Effects of semicarbazide-sensitive amine oxidase (SSAO) inhibition by PXS-4728A on the adhesion, inflammation, and macrophages activation in atherosclerotic plaques of thoracic aorta in rabbits in different groups. (A) Expression of adhesion molecules in the atherosclerotic plaques in different groups. Immunohistochemical staining for intercellular adhesion molecule-1 (ICAM-1), vascular cell adhesion molecule-1 (VCAM-1), and E-selectin expression are shown. (B) Expression of inflammatory cytokines including cyclooxygenase-2 (COX-2), monocyte chemoattractant protein-1 (MCP-1), and interleukin-6 (IL-6) by immunohistochemical staining in different groups. (C) Expression of markers for macrophage activation and recruitment in different groups. Immunohistochemical staining for Toll-like receptor -4 (TLR-4), CD36, lectin-like oxidized low-density lipoprotein receptor-1 (LOX-1), receptor for advanced glycation end-product (RAGE), macrophage (Mϕ) and smooth muscle cells (SMC) expression are shown. Strong TLR-4, CD36, LOX-1, and RAGE staining (white arrowheads) is seen in the markedly thickened intima of cholesterol-fed rabbits and is closely co-localized with macrophages (Mϕ) and SMC. Expression of adhesion molecules, cytokines, and macrophage activation markers are higher in cholesterol-fed group than that in control (CTRL) group and cholesterol-fed/PXS-4728A group. The internal elastic lamina is indicated by the arrows. The scale bar = 100 μm. Quantification of IHC staining-positive areas in atherosclerotic plaques of thoracic aorta were shown on the lower panel of indicated antibodies (N = 3–4 in each group). Histograms of their integrated optical density (IOD) value were measured by Image-Pro Plus software. The values are expressed as mean ± SEM. (*P < 0.05). (D) Expression levels of the markers of adhesion, inflammation, and macrophages activation in rabbit aorta are detected by Western blot analysis in different groups. The cropped blots are used in the figure, and the full-length blots are presented in Supplementary Figure S5.

Figure 5

The immunohistochemical analysis for the matrix metalloproteinase-9 (MMP-9) expressions, smooth muscle cells (SMC), proliferative cell nuclear antigen (PCNA) (brown color) in aortas of rabbits in different groups. (A) Compared to rabbits with normal diet (CTRL), cholesterol-fed rabbits had markedly thickened intima with increased MMP-9, SMC, and PCNA staining.
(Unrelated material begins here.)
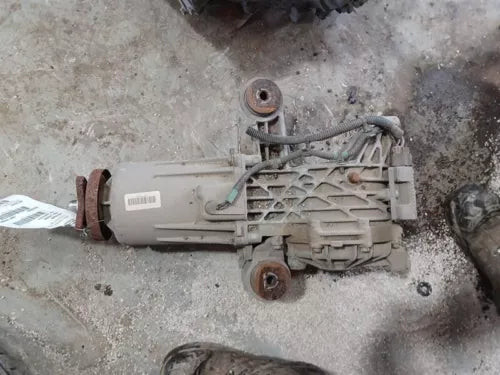 2010-2017 Chevrolet Equinox Rear Axle Differential Carrier Assembly Oem Used used OEM differential carrier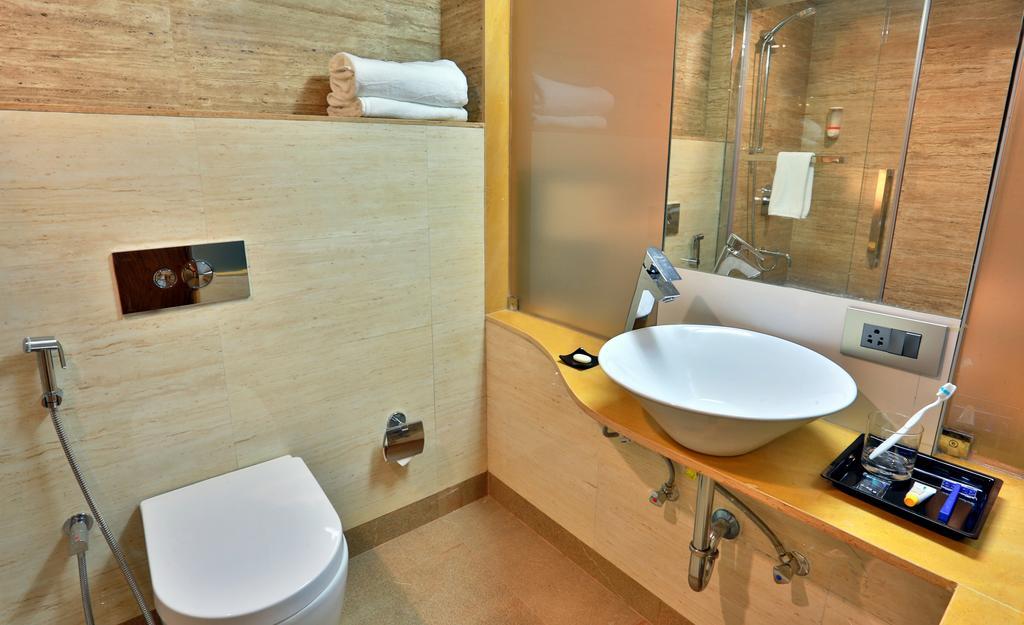Grande Delmon Hotel Panaji Ngoại thất bức ảnh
The immunopositive staining of MMP-9, SMC, PCNA, and co-localization between PCNA and SMC expressions in cholesterol-fed rabbits with PXS-4728A treatment (Cholesterol-fed/PXS-4728A) were weaker and lower than that in cholesterol-fed rabbits. The internal elastic lamina is indicated by the arrows. The scale bar = 100 μm. (B) The integral optical density (IOD) of MMP-9 immunostaining intensity quantified by Image-Pro Plus software (N = 3–4 in each group). (C) Percentage of proliferating cells (PCNA-positive) determined by dividing the number of PCNA-positive cells by the number of total cells per section (N = 3–4 in each group). The values are expressed as mean ± SEM. *p < 0.05 compared to control group (CTRL). ^†p < 0.05 compared to Cholesterol-fed group.